San Diego Mayor Kevin Faulconer announced Wednesday that the city will spend $40 million over six years for infrastructure improvements at Mission Bay Park.
The funding is the result of two ballot initiatives passed over the last decade to allocate money for Mission Bay Park improvements.
Proposition C in 2008 diverted a portion of park lease revenue for park upgrades and 2016’s Measure J extended the Proposition C funding stream for 30 years and allowed the city to expedite certain park projects. The city estimates the two initiatives will generate roughly $1.5 billion by 2069.
“Our regional parks are among San Diego’s most valuable assets and the significant investments we’re making to Mission Bay Park will ensure it is preserved and enhanced for future generations to enjoy,” Faulconer said. “This continues the largest park investment effort San Diego has seen in modern history as we’ve opened dozens of new or improved parks in neighborhoods across the city over the past few years.”

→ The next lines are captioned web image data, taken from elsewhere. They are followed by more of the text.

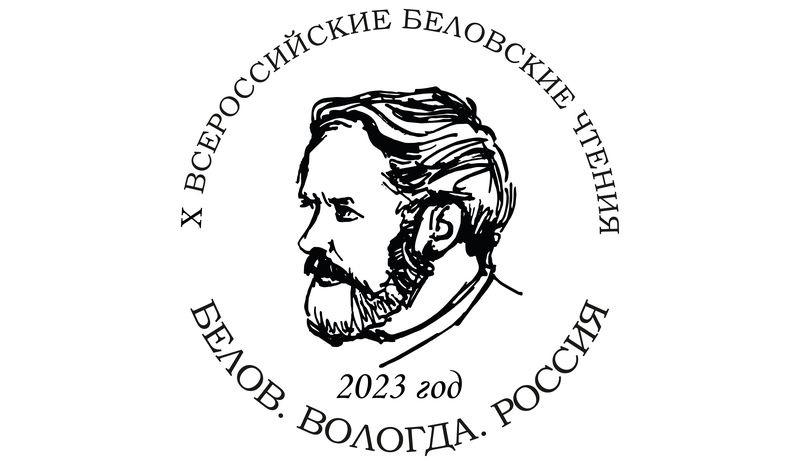 «Белов.Вологда.Россия».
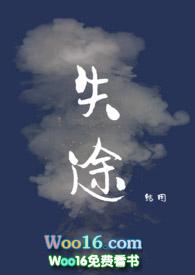 失途po
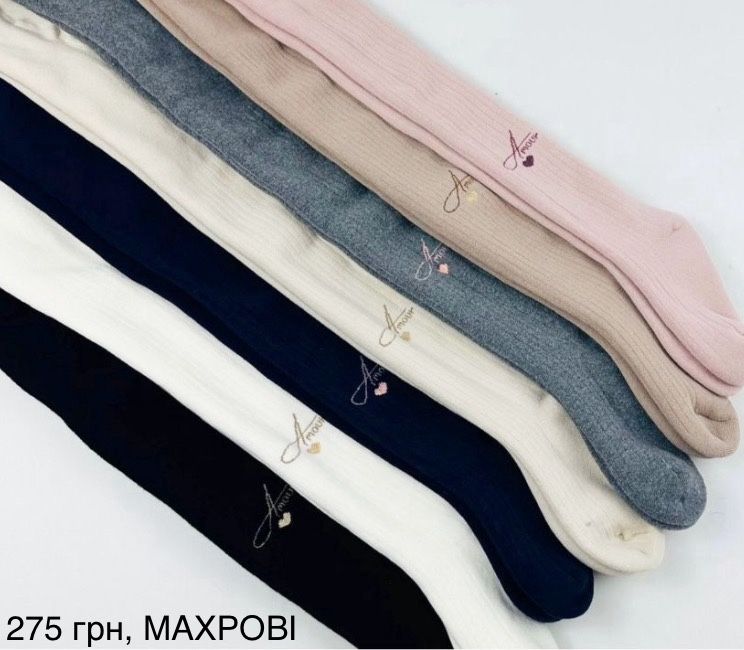 Махрові дитячі колготи для дівчинки Туреччина 1-13 років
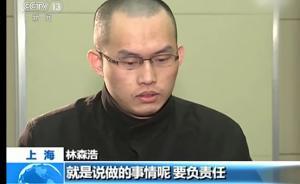 林森浩被执行死刑前受访：死刑核准，对我来说意味着一次偿债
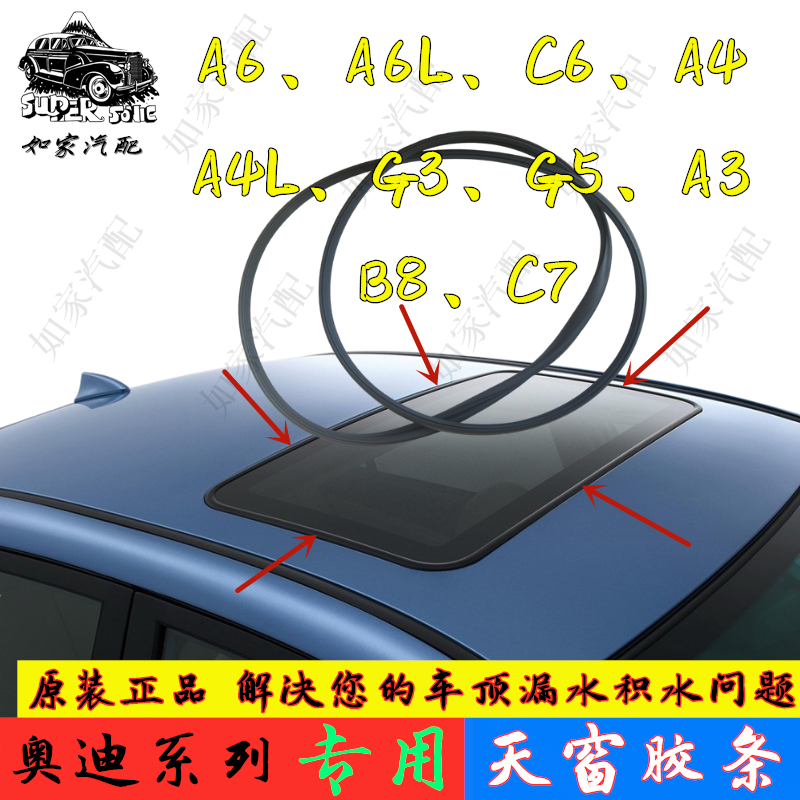 原奥迪A3A4A4LA6A6LA8天窗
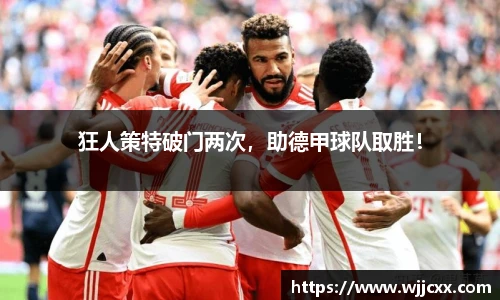 yy易游体育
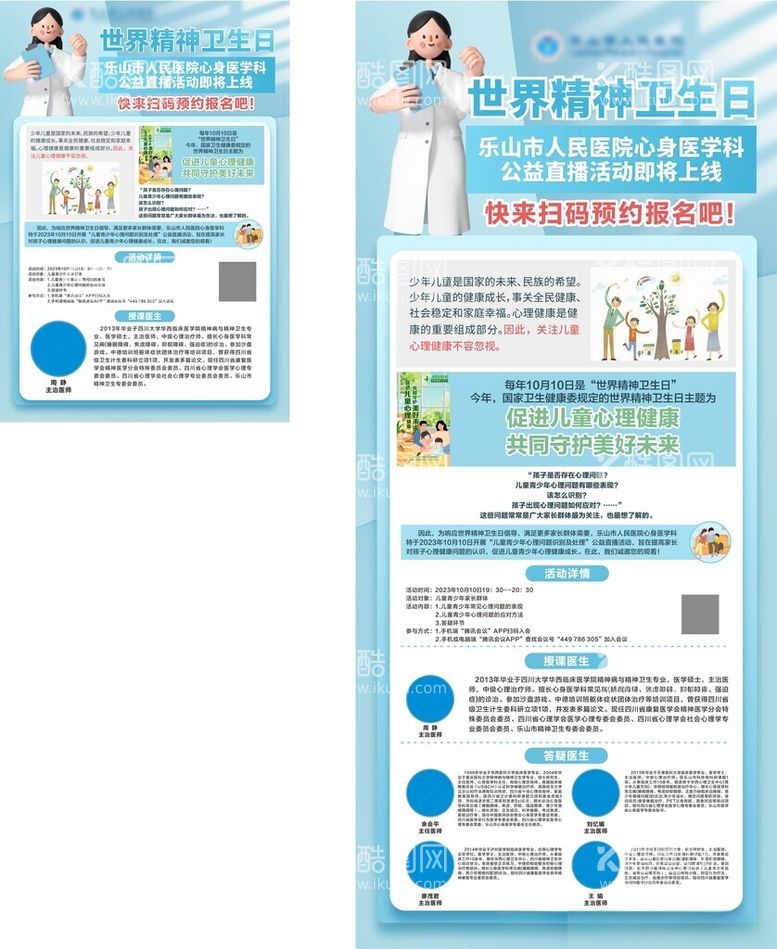 编号：65581211292040198468【酷图网】源文件下载-医疗海报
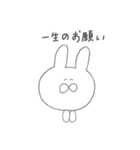 しろいゆるいうさぎの妹（個別スタンプ：17）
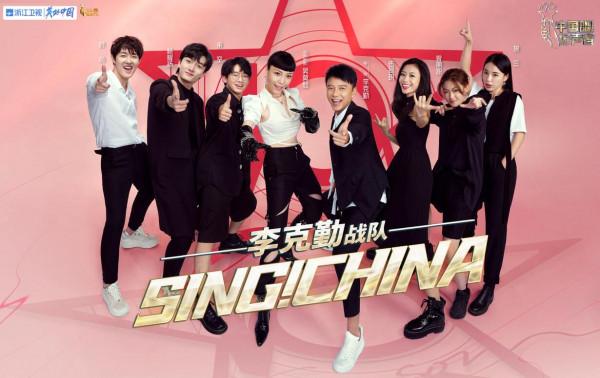 不要再為伍珂玥意難平了!節目調性早已註定了李克勤會放棄她 不要再為伍珂玥意難平了!節目調性早已註定了李克勤會放棄她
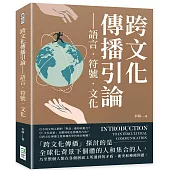 跨文化傳播引論：語言.符號.文化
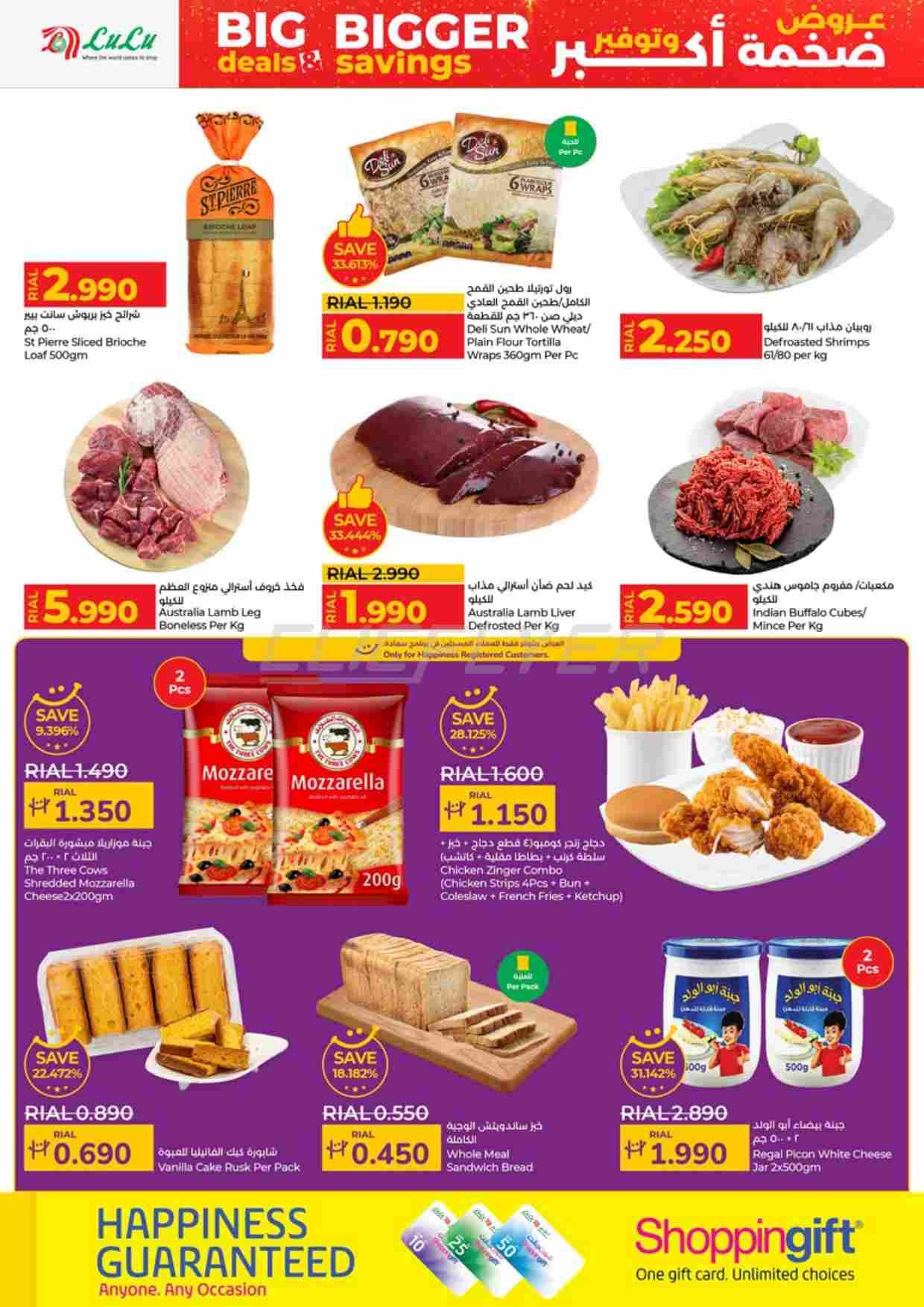 offerimage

The city has five improvement projects planned for the park. A quarter of the money will be spent on dredging Mission Bay to improve its navigational safety. Funding will also be used to resurface 18 parking lots, replace playground equipment at 10 different sections of the park, upgrade comfort stations in multiple areas and replace East Mission Bay’s adult fitness course and Robb Field’s recreation center.
“Mission Bay Park is getting the investment of a century with a wave of voter-approved funding,” said District 2 City Councilwoman Lorie Zapf, whose district includes Mission Bay. “From dredging, lighting, comfort stations, bike and walking paths and new playgrounds, Mission Bay Park will better serve San Diegans and visitors.”
Long-term, the city plans to restore falling shorelines, improve the San Diego River Trail, expand habitats for endangered species and compose a master environmental report to detail the environmental and water quality ramifications of proposed projects. The Mission Bay Park Committee will oversee the array of improvements and the allocation of funding.
“My committee and I were ecstatic that the voters of our city overwhelmingly approved Measure J,” said committee Chairman Paul Robinson. “This will permit the city, with our oversight, to continue to invest millions of dollars in Mission Bay.”